Однажды он отважился нарисовать обнаженную. Такой попытки до него, кажется, не делал ни один немецкий художник. Дюрер не был аскетом. В странствиях ему случалось обращаться со словами желания к женщинам. Но сказать женщине, что хочешь нарисовать ее обнаженной, в те времена было труднее, чем выразить свою страсть. Греховность просьбы должна была смертельно напугать ту, к которой она была обращена. И все-таки он нашел натуру, хотя даже самого слова «натурщица» еще никто не слыхивал. Первая модель Дюрера была некрасива. Она оставила на ногах разношенные домашние туфли, голову обмотала полотенцем, стояла в напряженной позе, неловко повернув руку. Рисунок получился робким. Непривычность задачи, смущение, которое он никак не мог побороть, сковали руку художника, сделали неуверенной линию. А рисунок сохранился и вошел в историю живописи как один из важных ее документов...

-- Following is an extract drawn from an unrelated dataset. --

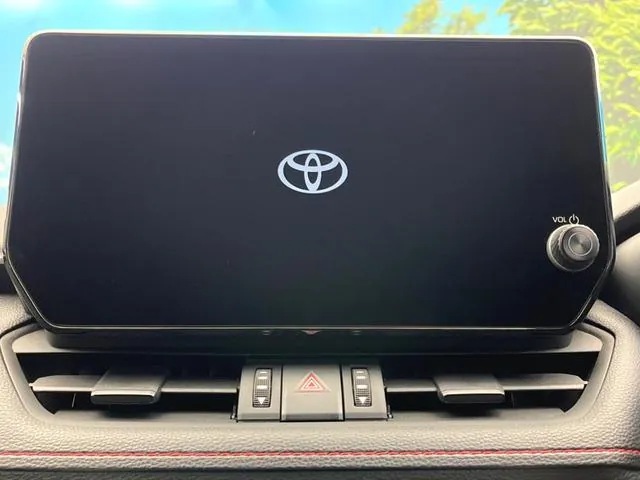 Toyota Rav4 2024 photo 3
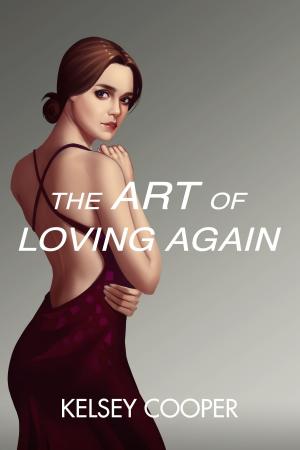 Cover of the book The Art of Loving Again by P.T. Michelle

...В Страсбурге было тревожно. Крестьяне Страсбургского епископства взбунтовались. Долго и безропотно несли они все тяготы — пахали землю для духовных и светских господ, косили траву, жали хлеб, молотили. Но этого господам было мало. Они требовали, чтобы крестьяне бесплатно рубили для них лес, пилили и кололи дрова, ловили рыбу, отвозили на своих лошадях их товары на ярмарку. А главное, никто из крестьян не знал, где начало и где конец повинности. Так было по всей Германии. С некоторых пор господа сделали ненадежным само право крестьян на наследственную землю. Когда крестьянин умирал, его сыновья должны были заплатить огромную пошлину, а сверх того деньги, которые красноречиво назывались «посмертным побором»: у наследника кроме денег отбирали лучшую голову скота, а если ему досталась всего одна, то ее — единственную. Крестьянин платил за все: собрался жениться — плати, выдаешь дочь замуж — плати, надумал продать часть имущества — плати. А еще были налоги князю и две десятины церкви: большая и малая. Большая с урожая хлеба, малая со всего остального, выращенного крестьянином, и со скота. Чуть ли не каждый год появлялись новые поборы или увеличивались прежние. Господ над крестьянами было много — и владелец земли, и тот, под чьей судебной властью был крестьянин, и тот, кто считался его «личным господином». И не упомнишь всех, на кого крестьянин работал, кому повиновался, кому платил... Бесстрастные страницы хроник, на которых все это записано, пахнут потом, кровью, слезами, вопиют о злой несправедливости, о горьких обидах, о тяжком бесправии. О черной беде. О зреющем возмущении. Оно было особенно сильным в том краю, куда странствия привели Дюрера. Знал ли он, что происходит вокруг, за стенами Страсбурга? Разумеется, знал. Нужно было быть глухим, чтобы, путешествуя из города в город, останавливаясь на ночлег в деревнях, встречаясь со множеством людей, ничего не услышать, слепым, чтобы ничего не заметить. А слепым Дюрер не был. И глухим тоже.